On Friday, April 14, the SEC’s five-member commission voted 3-2 to again reopen the comment period on amendments that would alter the definition of an exchange under the Exchange Act Rule 3b-16.
According to the filing, the public has until June 13 to submit comments.
The SEC originally proposed an expanded definition of what qualifies as an exchange back in January 2022. It claimed at the time that this was to “enhance transparency and oversight” over Alternative Trading Systems (ATS). The SEC defined ATS as entities that “trade Treasuries and other government securities under the regulatory umbrella.”
SEC officials have argued that various crypto firms would fall under the proposed definition.
“Make no mistake: many crypto trading platforms already come under the current definition of an exchange and thus have an existing duty to comply with the securities laws. Investors in the crypto markets must receive the same time-tested protections that the securities laws provide in all other markets. I welcome additional public comment on all aspects of the proposal in light of the information in this supplemental release,” SEC Chair Gary Gensler said in a statement.
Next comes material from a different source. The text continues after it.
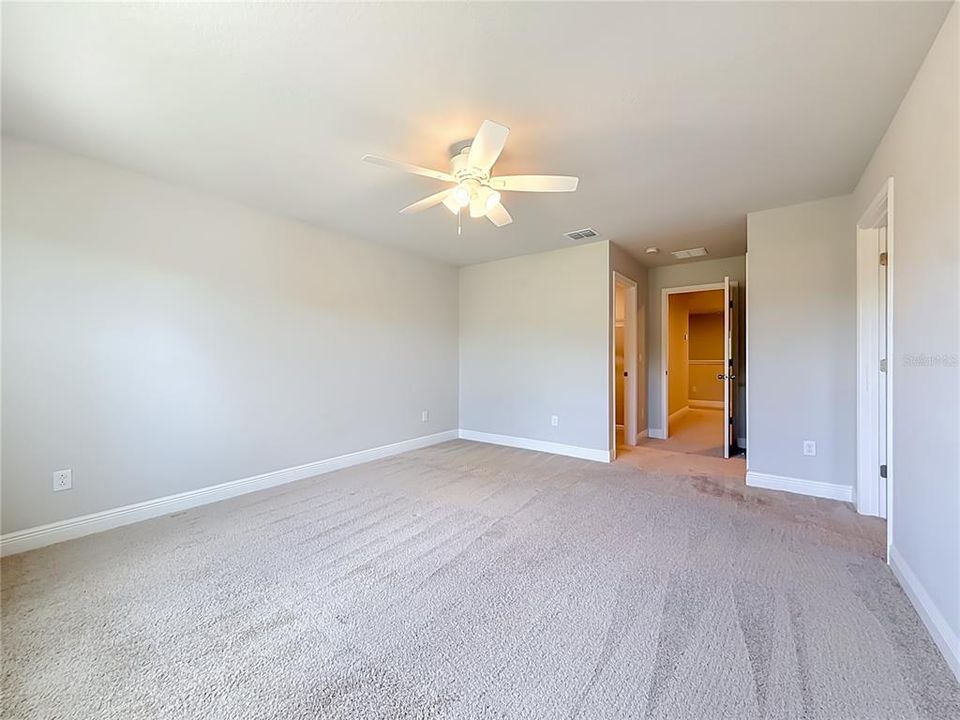 For Rent: $3,200 (3 beds, 2 baths, 2281 Square Feet)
In May 2022, the commission reopened its comment period, extending the time period that the public is able to weigh in on the proposals. The period of that extension closed in June.
“The SEC benefits greatly from hearing from the public on proposed regulatory changes. Commenters with diverse views have noted that they would benefit from additional time to review these three proposals,” Gensler said.
In addition to changing regulatory language, the SEC continues to boost its cryptocurrency crime department as the agency cracks down on digital assets.
According to a tweet from the SEC’s careers handle, the commission is looking to hire three new general attorneys in New York, San Francisco and Washington, DC.